Most Chicagoans are familiar with the Lyric Opera, but the so-called Lyric Opera House is really the Civic Opera House designed by architectural firm Graham, Anderson, Probst & White, which was also responsible for the design of the Merchandise Mart, the old Post Office, the Wrigley Building, the Shedd Aquarium, and Union Station. The firm was the successor to the legendary Daniel Burnham's firm.
The Lyric Opera building opened on November 4, 1929, but the Civic Opera Company inaugurated its new home and season with a world premiere of Camille, a specially commissioned opera by 28-year old Chicago composer Hamilton Forrest that has never been publicly performed since its premiere. It is based on Alexander Duma's La Dame aux Camellias. (Source: Opera Quarterly (1995), Edward Hagelin Pearson, The Other Traviata Hamilton Forrest's Camille).
The structure, the back of which abuts the Chicago River, was developed by Samuel Insull, a British businessman who had his hands in utilities, railroads, and radio stations. At one point he controlled 5,000 utilities in 32 states, plus several electrified railroads serving Chicago, some of which are still in operation (e.g., the South Shore line).
Insull came to the United States to help Thomas Edison with his finances, but was subsequently replaced by J. P. Morgan, according to a 2006 article in the New York Times. Business reporter Roger Lowenstein draws parallels between Insull's activities and those who headed Enron, which is certainly not a desirable comparison. Following the stock market crash, Insull's debt-laden holding company structure collapsed. Facing 600,000 presumably angry investors, he fled to Greece, but returned to the U.S. to face a prosecution that eventually resulted in his acquittal.
Insull played an instrumental role in integrating the power grid in the United States. Moreover, he also promoted electric appliances, with his ads proclaiming that the new technology would free women from household chores--Suffragette City.
In 1938, Insull died while in the Paris Metro.
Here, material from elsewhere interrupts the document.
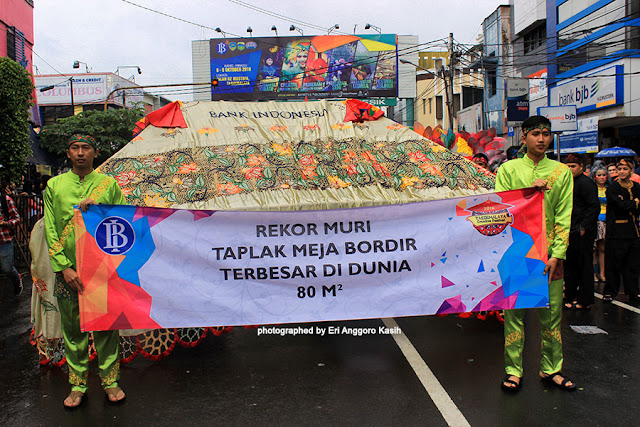 Pemecahan rekor taplak meja bordir terbesar dunia. Pemecahan rekor taplak meja bordir terbesar dunia.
The stairs were too much for his heart, but he could no longer afford better means of transport.
Orson Welles has acknowledged that Charles Foster Kane, aka Citizen Kane, was based in part on Insull, writing, "It was a real man who built an opera house for the soprano of his choice, and much in the movie was borrowed from that story." In the film, Kane builds an opera house so that his wife can perform as an opera singer. The Civic Opera House inspired the theatre depicted in the film. Rumor has it that Insull built the Civic Opera House for his wife, Gladys Wallis, who could not get a job with New York's Metropolitan Opera.
The Civic Opera House is actually one of two (or, depending on how you look at it, four) buildings, which explains why the lower portion of the building is at an angle to the 45-story central tower know as the Civic Opera Building. The central structure is flanked by two 22-story structures. From the upper-Wacker street side, the structures appear to be one building.